━━━ Provided entries

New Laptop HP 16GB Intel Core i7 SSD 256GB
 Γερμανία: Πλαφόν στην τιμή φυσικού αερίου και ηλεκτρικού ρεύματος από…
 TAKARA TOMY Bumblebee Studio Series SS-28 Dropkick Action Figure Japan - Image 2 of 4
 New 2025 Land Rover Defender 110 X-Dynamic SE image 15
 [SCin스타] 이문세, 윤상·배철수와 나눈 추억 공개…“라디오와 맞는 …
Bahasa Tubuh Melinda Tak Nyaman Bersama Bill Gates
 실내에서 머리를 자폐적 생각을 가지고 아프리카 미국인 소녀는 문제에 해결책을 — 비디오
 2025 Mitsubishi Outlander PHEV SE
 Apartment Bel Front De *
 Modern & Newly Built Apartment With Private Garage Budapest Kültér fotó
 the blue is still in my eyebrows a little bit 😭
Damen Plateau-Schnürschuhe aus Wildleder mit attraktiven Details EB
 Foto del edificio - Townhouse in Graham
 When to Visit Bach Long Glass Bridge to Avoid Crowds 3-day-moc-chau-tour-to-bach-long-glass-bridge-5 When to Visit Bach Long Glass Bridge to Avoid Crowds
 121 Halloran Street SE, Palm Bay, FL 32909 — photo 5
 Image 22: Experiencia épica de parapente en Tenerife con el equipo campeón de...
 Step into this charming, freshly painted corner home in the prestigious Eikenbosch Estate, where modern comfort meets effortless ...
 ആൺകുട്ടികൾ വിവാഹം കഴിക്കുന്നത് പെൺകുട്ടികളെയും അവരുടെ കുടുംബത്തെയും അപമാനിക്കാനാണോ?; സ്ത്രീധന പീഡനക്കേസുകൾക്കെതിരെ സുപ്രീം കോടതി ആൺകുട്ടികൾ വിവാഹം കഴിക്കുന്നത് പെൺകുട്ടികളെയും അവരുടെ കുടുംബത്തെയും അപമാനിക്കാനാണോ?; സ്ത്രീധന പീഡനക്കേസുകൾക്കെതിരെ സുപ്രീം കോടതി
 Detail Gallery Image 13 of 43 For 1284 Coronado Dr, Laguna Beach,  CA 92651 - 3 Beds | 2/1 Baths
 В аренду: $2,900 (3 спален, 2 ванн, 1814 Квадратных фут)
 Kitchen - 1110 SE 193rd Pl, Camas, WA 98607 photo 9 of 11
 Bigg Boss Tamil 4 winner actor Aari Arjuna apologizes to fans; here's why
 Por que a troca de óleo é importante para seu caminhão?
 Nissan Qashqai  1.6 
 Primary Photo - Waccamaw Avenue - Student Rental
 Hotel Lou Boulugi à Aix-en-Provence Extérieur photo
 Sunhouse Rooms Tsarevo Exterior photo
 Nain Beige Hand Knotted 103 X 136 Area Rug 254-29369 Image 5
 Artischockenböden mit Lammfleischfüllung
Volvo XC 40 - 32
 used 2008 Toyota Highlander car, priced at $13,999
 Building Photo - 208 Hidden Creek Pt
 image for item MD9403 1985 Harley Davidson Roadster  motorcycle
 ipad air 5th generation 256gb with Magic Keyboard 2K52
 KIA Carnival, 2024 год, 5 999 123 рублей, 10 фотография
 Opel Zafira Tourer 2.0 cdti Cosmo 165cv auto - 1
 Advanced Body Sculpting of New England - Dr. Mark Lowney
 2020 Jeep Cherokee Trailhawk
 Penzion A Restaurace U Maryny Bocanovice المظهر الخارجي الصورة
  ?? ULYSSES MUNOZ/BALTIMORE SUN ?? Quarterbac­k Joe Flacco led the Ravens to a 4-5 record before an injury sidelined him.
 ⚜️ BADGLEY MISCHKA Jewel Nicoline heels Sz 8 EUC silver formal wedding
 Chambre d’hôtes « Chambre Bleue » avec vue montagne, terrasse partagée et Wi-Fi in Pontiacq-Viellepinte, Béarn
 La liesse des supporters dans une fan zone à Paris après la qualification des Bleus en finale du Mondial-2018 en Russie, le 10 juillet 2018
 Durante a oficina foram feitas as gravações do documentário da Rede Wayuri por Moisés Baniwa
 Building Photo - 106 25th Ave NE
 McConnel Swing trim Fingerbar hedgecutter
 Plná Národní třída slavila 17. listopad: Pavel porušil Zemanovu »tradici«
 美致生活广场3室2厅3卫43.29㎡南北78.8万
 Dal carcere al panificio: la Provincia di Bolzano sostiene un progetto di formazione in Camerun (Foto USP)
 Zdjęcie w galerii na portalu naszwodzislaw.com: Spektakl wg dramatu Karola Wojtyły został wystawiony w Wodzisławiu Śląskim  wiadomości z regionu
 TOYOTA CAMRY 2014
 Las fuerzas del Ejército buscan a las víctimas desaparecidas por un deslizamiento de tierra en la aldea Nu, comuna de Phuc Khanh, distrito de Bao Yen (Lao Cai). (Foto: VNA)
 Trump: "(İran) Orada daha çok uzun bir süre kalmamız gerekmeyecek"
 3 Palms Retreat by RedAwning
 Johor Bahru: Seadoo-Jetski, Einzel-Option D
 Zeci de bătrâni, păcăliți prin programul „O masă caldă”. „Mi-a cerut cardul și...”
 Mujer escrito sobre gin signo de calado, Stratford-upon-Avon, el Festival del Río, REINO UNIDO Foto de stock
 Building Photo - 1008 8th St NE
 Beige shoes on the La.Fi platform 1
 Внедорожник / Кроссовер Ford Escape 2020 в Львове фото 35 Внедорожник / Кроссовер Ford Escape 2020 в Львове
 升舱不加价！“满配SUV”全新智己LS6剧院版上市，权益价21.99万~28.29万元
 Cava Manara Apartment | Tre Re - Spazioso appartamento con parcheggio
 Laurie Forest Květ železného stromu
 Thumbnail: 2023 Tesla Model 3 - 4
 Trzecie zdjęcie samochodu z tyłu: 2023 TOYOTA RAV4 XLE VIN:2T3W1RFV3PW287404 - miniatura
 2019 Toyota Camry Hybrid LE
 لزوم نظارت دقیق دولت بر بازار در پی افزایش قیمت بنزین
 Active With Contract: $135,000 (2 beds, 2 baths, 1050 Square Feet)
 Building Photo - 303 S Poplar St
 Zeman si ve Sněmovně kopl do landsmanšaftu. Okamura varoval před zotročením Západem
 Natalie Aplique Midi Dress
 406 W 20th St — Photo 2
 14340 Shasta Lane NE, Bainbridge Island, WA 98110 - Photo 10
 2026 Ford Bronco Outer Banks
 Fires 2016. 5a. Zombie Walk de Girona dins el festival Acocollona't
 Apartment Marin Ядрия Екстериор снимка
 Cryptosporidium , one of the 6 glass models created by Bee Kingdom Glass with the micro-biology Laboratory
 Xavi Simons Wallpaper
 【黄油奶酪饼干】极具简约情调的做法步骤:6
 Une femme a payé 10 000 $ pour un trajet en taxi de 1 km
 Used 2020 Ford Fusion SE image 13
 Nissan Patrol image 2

━━━━━━

■ Work to complete
Look through the listing above and copy each line where the string "Beige" occurs.

■ Response below
 Nain Beige Hand Knotted 103 X 136 Area Rug 254-29369 Image 5
 Beige shoes on the La.Fi platform 1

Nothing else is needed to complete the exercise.